We never exchanged a word about her remaining in the almshouse. But she persistently resisted the entreaties of her young pupils and their parents to move into better lodgings in the city. "I could not do without my seven guardian angels," she said, smiling. She merely obtained somewhat better furniture for her room, sent for Uncle Joachim's old chest of drawers and the two pictures of Napoleon--he had left her everything he possessed--and added two beautiful engravings from my aunt's legacy. The large room with two windows, adjoining her own, was fitted up for her lessons, and my piano was moved into it. Many an afternoon, when I had arrived before the close of the lessons, I sat outside on the bench in her little garden, listening to the chirping within, the regularsolfeggiosand runs, and the magnificent bell-like tones of the teacher ringing out between them, or the sweet voices of the full choir, which practiced not only solemnmotettosandcantatas, but sought recreation in Mendelssohn, Schubert, and Schumann.

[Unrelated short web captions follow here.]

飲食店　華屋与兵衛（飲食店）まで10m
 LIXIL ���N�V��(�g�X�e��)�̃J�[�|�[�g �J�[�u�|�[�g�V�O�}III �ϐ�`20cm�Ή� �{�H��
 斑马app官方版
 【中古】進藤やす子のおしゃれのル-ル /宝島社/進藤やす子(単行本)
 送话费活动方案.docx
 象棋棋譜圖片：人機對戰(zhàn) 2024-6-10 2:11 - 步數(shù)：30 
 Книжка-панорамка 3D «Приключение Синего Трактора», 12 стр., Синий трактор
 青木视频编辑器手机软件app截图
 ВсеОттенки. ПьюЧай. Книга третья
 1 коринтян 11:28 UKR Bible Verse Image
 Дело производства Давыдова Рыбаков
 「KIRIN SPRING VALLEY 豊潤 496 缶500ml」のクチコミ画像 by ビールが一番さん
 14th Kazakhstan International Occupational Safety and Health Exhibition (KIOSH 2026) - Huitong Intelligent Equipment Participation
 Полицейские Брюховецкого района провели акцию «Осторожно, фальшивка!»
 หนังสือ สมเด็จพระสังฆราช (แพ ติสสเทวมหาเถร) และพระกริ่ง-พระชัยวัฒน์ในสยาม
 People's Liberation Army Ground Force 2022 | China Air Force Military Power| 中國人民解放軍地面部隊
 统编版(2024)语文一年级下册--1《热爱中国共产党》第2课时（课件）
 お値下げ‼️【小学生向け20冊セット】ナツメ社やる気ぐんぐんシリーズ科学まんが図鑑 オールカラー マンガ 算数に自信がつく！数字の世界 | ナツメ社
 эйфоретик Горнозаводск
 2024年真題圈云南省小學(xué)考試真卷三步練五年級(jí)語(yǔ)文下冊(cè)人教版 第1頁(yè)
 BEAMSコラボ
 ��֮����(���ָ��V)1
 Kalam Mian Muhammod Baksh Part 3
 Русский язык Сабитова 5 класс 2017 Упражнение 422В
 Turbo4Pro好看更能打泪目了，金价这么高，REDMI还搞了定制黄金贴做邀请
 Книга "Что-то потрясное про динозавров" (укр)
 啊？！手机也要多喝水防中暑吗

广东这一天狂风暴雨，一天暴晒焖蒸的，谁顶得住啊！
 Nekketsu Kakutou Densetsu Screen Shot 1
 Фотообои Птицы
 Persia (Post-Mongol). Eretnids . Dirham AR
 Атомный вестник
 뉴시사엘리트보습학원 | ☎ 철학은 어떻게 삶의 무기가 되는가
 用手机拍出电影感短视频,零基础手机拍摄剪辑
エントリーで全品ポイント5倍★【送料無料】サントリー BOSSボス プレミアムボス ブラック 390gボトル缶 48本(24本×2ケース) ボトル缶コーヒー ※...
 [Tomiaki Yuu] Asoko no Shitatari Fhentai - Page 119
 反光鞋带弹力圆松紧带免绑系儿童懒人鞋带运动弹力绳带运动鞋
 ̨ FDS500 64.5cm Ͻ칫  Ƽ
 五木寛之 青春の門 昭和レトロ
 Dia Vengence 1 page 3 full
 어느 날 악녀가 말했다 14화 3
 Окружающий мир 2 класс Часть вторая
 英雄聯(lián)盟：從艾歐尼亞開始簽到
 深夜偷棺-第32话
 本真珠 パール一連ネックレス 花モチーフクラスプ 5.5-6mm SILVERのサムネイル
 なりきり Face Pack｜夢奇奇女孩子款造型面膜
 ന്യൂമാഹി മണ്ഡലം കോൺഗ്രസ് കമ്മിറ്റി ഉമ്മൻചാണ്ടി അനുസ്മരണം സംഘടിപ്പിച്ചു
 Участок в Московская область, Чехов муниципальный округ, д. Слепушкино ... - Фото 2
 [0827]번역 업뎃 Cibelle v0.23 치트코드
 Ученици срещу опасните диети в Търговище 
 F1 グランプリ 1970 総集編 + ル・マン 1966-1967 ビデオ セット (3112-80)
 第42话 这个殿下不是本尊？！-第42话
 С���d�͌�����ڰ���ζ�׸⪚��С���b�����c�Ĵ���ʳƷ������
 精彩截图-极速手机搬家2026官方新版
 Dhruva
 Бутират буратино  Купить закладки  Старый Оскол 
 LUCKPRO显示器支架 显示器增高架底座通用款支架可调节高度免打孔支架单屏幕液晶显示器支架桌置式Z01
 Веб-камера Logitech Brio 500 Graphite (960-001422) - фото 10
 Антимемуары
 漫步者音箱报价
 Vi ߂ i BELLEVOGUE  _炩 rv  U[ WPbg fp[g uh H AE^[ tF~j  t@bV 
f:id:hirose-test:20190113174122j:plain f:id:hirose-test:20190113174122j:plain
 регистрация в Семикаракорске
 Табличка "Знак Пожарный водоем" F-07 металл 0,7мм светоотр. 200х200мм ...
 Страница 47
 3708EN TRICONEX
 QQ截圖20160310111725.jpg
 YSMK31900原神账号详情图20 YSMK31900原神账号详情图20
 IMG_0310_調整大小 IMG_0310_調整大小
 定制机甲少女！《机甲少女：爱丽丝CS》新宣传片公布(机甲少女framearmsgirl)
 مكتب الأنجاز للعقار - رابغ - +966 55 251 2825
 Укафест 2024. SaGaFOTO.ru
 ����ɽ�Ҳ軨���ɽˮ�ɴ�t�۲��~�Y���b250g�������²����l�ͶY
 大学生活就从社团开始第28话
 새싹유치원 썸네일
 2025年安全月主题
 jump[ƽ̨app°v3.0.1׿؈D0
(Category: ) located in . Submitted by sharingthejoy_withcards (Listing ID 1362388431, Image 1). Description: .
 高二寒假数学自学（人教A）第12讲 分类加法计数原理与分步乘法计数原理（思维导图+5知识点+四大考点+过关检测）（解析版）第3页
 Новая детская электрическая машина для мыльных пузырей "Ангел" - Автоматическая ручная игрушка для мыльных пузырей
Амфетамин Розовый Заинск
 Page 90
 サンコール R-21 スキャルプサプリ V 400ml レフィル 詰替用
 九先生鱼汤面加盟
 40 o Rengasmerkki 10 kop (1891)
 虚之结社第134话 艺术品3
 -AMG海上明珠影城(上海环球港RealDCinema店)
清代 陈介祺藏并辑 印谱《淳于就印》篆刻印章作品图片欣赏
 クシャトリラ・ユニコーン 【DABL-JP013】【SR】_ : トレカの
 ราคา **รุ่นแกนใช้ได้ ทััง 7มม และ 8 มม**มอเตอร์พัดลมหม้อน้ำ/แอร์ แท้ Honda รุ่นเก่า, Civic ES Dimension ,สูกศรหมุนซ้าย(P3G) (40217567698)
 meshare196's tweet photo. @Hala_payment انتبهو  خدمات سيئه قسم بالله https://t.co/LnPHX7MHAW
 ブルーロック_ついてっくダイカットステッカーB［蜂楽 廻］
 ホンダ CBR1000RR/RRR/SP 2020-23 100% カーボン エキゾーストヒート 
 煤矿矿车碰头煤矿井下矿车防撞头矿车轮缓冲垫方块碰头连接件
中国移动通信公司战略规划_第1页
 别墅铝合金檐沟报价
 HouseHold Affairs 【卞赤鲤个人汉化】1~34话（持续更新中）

The service she was rendering the young people could not fail to dispel their parents' prejudices against the wife of the strolling actor, and make them endeavor to draw her to their houses. But on this point she was inexorable. "I detest these provincial entertainments," she said to me. "I will cheerfully give the people among whom I live as much of my life as can be of service to them, but the rest I will keep for myself. To sit on the sofa a whole evening between the wives of the burgomaster and the councilor, and talk about servants and betrothals, would kill me. Besides, my opinions would rouse their displeasure before an hour was over. There is where Mother Schulzen, Mother Grabow, and the other five Fates deserve praise. They think me a saint, though I don't go to church."
But, while she retained this view and avoided the society of the mothers, she was all the more friendly in her intercourse with the daughters. Every other Sunday her pupils, about twenty in number, were allowed to spend the evening with her, and she gave them a little supper of tea, cake, and bread and butter. But these pleasant meetings were not intended merely for merry talk with the children--they were expected to produce better results. She read to them from the works of our classic writers the most beautiful and ennobling selections adapted to their age and culture, a couple of acts from one of Schiller's tragedies, which they were afterward to finish at home, once the whole of Iphigenia, at another time ballads from Goethe and Uhland, and then let her youthful audience express their ideas of what they had heard, only adding a few wise remarks of her own.